(Beginning of Material for this exercise)
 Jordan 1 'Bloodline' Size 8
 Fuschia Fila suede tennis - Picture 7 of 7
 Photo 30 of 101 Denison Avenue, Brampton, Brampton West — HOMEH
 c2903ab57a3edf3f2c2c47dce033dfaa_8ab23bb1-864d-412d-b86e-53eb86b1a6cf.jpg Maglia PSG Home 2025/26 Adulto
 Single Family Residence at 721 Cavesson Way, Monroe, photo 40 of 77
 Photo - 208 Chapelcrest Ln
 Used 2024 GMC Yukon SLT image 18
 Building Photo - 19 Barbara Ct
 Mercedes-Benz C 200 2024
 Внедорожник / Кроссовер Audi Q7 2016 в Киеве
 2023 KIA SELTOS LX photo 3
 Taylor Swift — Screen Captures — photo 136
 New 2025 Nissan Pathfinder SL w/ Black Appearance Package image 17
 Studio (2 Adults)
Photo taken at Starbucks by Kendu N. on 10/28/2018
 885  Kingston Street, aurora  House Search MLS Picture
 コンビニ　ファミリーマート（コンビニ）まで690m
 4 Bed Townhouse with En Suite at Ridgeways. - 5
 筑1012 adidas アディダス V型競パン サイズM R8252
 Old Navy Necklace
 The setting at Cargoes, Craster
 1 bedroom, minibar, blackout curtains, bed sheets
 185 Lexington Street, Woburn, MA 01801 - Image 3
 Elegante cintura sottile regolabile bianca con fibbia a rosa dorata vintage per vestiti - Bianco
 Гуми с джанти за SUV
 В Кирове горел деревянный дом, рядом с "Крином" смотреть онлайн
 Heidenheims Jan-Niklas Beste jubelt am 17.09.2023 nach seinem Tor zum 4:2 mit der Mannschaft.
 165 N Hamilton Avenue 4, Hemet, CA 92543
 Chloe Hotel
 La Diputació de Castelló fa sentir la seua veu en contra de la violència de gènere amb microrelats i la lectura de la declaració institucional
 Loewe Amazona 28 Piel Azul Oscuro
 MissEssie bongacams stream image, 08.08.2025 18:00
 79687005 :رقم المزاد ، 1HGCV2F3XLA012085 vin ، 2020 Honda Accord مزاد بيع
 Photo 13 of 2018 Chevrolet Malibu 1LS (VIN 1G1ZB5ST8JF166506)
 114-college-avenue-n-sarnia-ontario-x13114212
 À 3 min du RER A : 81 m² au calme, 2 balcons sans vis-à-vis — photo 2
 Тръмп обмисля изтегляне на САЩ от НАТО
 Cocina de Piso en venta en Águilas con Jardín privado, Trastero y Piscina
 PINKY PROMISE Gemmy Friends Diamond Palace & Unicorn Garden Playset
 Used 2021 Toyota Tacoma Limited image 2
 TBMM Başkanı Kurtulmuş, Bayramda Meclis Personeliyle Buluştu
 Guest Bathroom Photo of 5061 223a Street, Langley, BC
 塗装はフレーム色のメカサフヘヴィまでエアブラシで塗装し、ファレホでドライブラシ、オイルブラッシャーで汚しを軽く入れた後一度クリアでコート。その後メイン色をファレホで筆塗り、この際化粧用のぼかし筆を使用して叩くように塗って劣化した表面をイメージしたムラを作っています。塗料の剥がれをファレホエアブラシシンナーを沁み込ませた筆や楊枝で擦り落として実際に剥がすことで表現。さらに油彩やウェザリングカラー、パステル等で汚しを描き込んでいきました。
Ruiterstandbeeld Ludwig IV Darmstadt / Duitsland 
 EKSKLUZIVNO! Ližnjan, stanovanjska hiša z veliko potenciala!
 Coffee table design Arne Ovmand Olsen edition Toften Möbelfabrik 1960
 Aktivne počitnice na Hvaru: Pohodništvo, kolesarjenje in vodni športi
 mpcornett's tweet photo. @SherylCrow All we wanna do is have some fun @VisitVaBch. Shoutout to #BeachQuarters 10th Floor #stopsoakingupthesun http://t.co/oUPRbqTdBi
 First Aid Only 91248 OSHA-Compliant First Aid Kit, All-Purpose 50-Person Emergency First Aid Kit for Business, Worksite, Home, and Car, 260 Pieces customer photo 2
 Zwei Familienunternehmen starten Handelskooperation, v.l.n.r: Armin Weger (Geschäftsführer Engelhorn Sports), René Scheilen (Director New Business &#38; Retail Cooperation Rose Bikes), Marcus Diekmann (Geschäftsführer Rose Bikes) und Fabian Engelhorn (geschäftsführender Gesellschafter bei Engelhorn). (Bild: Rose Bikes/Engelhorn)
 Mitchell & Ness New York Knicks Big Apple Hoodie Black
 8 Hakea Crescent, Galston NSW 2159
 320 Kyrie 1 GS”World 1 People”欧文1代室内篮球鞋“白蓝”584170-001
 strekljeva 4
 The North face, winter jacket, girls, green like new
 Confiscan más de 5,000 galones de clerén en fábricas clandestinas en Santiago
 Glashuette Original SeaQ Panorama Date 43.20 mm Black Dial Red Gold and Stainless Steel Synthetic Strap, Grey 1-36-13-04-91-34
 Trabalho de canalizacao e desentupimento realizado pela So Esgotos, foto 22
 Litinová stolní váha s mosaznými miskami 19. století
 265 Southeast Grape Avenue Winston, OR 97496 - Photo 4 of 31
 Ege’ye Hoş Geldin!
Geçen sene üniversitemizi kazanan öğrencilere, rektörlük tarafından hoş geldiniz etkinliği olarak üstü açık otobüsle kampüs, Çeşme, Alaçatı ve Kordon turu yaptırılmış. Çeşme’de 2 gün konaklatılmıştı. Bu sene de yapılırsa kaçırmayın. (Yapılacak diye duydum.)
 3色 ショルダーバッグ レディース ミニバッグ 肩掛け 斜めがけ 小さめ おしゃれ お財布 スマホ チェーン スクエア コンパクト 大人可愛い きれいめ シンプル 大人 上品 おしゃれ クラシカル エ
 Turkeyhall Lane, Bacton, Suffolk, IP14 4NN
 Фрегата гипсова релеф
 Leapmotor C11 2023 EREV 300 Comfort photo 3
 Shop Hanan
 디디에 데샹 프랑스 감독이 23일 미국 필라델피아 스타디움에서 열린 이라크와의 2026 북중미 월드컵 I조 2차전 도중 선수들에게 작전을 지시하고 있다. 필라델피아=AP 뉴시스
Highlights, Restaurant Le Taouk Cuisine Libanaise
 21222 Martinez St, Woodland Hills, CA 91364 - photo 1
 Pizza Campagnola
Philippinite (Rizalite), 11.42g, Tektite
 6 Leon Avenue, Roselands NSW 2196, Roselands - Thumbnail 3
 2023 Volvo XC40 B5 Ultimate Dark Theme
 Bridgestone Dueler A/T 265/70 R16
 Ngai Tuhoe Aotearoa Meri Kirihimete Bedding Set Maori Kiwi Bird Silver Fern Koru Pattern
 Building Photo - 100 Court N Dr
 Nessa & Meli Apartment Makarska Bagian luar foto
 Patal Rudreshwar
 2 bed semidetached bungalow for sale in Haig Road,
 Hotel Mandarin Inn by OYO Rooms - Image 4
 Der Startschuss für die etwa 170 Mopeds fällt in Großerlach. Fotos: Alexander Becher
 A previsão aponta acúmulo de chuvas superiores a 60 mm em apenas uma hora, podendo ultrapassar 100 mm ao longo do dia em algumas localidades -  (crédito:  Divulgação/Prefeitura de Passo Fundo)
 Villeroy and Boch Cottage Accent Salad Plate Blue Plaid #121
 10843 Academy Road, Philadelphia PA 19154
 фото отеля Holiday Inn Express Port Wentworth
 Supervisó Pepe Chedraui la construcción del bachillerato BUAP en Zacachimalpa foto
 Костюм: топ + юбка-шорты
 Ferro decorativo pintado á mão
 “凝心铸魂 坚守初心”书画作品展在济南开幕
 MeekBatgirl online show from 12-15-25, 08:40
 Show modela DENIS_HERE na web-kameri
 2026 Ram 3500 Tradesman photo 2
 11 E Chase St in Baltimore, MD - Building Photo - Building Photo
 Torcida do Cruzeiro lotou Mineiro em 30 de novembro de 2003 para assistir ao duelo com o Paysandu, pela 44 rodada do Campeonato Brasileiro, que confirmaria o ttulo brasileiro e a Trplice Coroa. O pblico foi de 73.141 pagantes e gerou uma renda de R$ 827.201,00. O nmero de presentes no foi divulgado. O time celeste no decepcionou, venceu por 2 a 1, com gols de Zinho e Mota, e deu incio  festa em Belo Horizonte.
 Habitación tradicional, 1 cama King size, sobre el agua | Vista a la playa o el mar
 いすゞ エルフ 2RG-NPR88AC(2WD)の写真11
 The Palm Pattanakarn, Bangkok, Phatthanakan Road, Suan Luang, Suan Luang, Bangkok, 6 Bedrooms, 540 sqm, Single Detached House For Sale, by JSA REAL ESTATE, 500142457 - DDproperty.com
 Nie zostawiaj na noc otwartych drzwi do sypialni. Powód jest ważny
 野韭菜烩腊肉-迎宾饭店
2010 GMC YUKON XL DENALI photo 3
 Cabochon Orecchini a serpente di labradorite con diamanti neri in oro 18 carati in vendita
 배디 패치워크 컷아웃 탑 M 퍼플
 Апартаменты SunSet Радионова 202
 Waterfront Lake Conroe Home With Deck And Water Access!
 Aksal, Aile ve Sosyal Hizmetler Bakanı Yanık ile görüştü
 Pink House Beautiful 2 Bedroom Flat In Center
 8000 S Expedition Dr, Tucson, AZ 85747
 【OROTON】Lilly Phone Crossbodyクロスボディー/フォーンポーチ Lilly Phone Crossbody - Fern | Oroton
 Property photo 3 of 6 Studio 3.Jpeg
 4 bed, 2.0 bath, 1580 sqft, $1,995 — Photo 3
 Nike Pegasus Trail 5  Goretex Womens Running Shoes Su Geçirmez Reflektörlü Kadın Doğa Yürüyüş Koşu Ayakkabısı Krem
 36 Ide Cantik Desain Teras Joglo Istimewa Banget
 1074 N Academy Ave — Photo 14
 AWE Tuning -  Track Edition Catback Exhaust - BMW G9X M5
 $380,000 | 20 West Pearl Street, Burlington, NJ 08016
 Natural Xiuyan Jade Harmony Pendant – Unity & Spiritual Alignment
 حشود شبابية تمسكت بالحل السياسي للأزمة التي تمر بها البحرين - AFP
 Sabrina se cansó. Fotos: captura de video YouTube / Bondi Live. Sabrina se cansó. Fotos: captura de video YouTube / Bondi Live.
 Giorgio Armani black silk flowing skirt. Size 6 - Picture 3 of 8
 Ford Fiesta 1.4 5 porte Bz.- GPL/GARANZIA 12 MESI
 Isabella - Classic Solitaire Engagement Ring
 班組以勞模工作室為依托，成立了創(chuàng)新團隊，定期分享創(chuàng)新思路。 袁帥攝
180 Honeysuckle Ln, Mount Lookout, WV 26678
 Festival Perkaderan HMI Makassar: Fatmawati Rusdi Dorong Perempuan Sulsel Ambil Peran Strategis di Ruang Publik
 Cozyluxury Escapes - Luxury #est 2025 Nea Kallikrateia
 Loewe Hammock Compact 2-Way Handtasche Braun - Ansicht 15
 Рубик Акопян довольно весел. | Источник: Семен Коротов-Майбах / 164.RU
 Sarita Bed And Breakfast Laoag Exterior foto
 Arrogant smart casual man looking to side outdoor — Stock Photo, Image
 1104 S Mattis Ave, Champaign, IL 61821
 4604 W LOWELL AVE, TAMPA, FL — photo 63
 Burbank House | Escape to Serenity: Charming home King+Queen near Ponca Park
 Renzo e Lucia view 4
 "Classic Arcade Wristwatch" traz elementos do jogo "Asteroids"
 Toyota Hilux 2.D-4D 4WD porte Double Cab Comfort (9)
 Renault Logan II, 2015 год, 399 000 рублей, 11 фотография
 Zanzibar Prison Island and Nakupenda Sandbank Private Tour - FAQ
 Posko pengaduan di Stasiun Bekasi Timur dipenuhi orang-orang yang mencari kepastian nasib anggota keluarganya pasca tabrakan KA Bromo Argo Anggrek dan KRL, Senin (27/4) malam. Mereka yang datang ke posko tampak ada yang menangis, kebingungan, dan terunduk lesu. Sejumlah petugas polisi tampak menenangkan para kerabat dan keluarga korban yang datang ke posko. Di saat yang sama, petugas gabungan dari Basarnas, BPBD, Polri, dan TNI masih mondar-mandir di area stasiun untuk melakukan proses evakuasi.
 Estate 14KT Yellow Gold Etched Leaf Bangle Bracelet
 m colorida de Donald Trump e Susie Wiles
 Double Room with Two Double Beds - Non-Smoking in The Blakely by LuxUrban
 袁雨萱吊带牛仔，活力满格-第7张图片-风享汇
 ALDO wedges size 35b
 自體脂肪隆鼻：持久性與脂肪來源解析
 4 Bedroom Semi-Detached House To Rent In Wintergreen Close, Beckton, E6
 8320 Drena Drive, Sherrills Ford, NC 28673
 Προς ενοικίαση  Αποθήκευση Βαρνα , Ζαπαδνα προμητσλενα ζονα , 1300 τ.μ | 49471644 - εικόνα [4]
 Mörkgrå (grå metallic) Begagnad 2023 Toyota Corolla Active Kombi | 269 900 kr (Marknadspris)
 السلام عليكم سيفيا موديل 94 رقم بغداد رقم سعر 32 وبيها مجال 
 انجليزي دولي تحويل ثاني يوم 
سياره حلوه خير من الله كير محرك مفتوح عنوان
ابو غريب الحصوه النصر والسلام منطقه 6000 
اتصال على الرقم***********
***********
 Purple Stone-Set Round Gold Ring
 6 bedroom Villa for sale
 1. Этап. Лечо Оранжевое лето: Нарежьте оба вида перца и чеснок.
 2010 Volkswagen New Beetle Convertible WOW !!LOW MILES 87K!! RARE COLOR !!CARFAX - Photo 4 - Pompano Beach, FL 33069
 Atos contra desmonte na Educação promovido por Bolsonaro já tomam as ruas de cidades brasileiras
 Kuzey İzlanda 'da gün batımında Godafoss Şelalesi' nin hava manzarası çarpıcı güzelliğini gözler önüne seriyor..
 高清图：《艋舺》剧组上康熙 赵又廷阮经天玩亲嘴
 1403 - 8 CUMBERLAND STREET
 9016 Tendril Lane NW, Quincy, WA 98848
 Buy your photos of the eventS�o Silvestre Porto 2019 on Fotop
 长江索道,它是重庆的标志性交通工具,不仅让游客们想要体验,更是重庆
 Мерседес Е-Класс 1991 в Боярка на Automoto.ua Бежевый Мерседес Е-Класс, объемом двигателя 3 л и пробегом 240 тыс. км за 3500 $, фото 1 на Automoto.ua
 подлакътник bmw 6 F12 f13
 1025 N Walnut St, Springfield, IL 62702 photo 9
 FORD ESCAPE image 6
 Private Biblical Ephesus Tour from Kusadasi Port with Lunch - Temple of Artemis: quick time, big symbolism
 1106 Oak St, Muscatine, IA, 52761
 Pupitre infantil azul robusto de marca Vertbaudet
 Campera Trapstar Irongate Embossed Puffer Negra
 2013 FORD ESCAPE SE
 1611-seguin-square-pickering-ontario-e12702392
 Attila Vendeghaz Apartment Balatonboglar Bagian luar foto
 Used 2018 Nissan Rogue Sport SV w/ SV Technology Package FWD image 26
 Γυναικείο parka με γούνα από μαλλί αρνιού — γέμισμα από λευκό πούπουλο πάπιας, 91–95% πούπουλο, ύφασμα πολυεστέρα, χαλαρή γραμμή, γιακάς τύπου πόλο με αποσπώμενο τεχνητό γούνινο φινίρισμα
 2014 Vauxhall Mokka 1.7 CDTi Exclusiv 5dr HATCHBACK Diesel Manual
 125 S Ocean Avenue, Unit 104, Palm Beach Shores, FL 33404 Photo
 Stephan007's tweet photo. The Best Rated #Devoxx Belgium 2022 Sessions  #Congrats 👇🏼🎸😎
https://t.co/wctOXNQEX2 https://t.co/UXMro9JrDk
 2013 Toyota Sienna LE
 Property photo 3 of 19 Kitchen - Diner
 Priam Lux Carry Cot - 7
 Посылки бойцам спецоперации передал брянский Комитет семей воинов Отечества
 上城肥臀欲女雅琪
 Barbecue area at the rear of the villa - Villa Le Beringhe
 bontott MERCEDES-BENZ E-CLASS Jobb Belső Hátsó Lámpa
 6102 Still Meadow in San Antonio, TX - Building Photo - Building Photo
(End of Material for this exercise)
• **Description of the task**
Among the lines above, please find those with "Single" and copy them.

• **Exercise solution**
 Single Family Residence at 721 Cavesson Way, Monroe, photo 40 of 77
 The Palm Pattanakarn, Bangkok, Phatthanakan Road, Suan Luang, Suan Luang, Bangkok, 6 Bedrooms, 540 sqm, Single Detached House For Sale, by JSA REAL ESTATE, 500142457 - DDproperty.com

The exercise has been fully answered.